Solche Angriffe können tiefgreifende Auswirkungen für ganze Industriezweige haben, die über die Lieferkette miteinander digital vernetzt sind. In der Cyberabwehr werde es künftig immer wichtiger sein, Drittanbieter in das Risikomanagement einzubinden, so die Studie weiter. Die Unternehmen benötigen ein Lagebild, mit wem sie Geschäfte machen.

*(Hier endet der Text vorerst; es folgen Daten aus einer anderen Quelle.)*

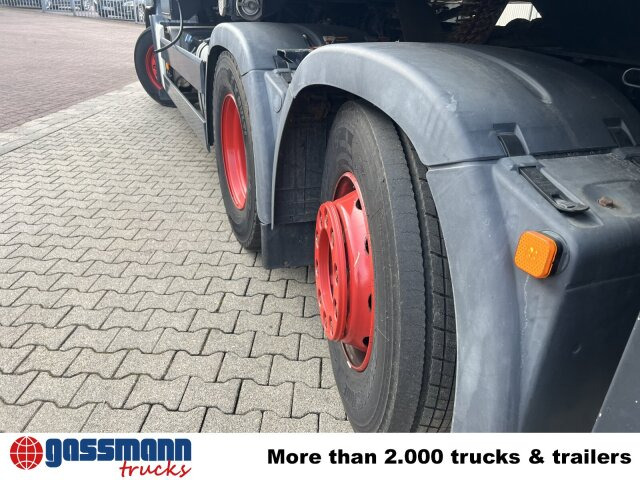 Φορτηγό βυτιοφόρο MAN TGS 26.400 6x2-4 BL, Lenk-/Liftachse, ADR, C.H.: φωτογραφία 12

Die Unternehmen in der DACH-Region sind für dieses Risiko unterschiedlich sensibilisiert: In Österreich prüfen nur 54 Prozent der befragten Firmen ihre Lieferanten regelmäßig auf sogenannte „Supply-Chain-Attacken“ und Angriffe auf Drittanbieter. In der Schweiz sind es 62 Prozent und in Deutschland 76 Prozent.

5. KI bündelt die Kräfte

Der Fachkräftemangel für geschultes Cybersicherheits-Personal macht den Unternehmen heute bereits zu schaffen. Gleichzeitig sind die bestehenden IT-Sicherheitsteams mit immer komplexeren Bedrohungsszenarien konfrontiert.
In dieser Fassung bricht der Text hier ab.